What the exercise asks >>
Pictures must be dropped from the copy of the entries below; all else is returned exactly.

Data records section start

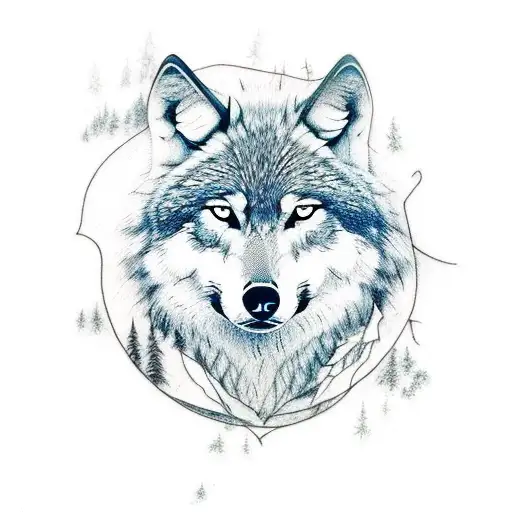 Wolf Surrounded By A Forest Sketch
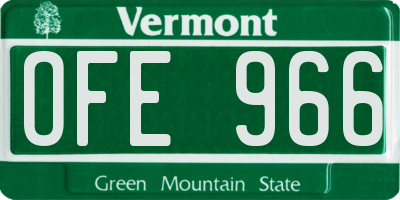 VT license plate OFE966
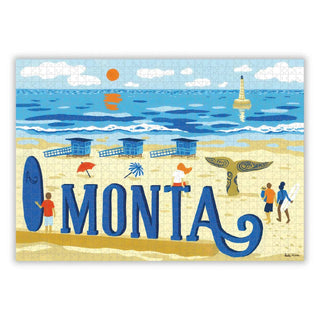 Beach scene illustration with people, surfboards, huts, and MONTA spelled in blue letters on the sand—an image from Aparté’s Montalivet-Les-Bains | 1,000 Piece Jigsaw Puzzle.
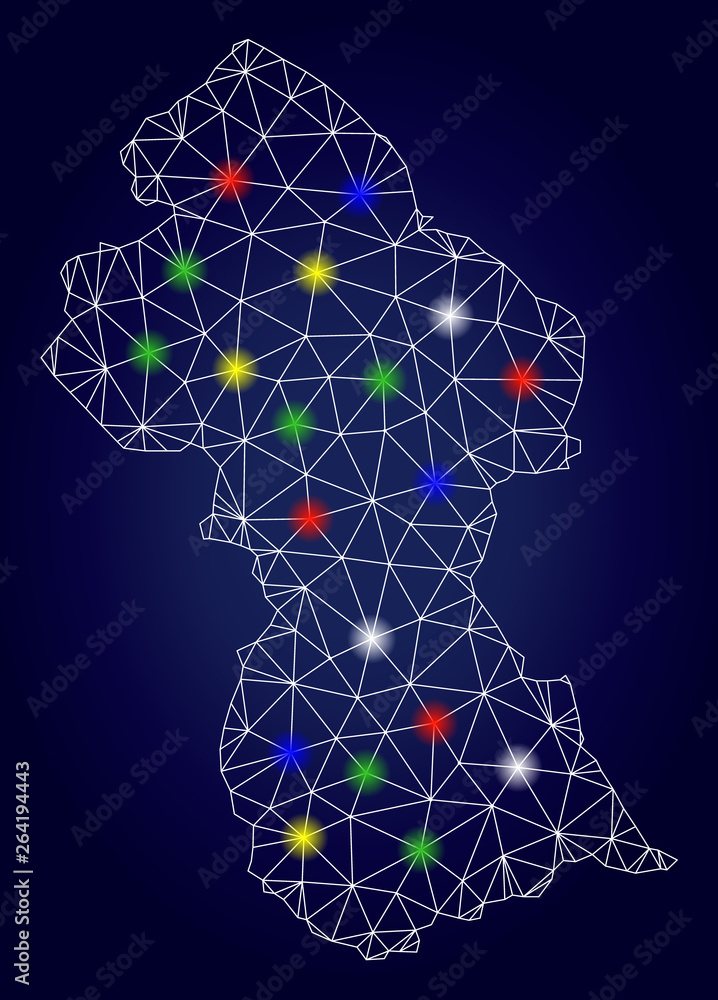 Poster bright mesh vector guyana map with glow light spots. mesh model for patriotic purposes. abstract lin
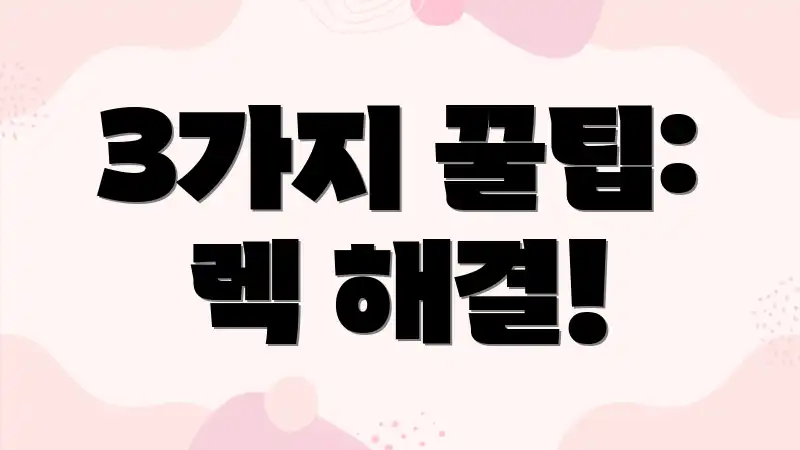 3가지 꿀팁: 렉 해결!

Data records section end

Response to this exercise >>
 Wolf Surrounded By A Forest Sketch
 VT license plate OFE966
 Beach scene illustration with people, surfboards, huts, and MONTA spelled in blue letters on the sand—an image from Aparté’s Montalivet-Les-Bains | 1,000 Piece Jigsaw Puzzle.
 Poster bright mesh vector guyana map with glow light spots. mesh model for patriotic purposes. abstract lin
 3가지 꿀팁: 렉 해결!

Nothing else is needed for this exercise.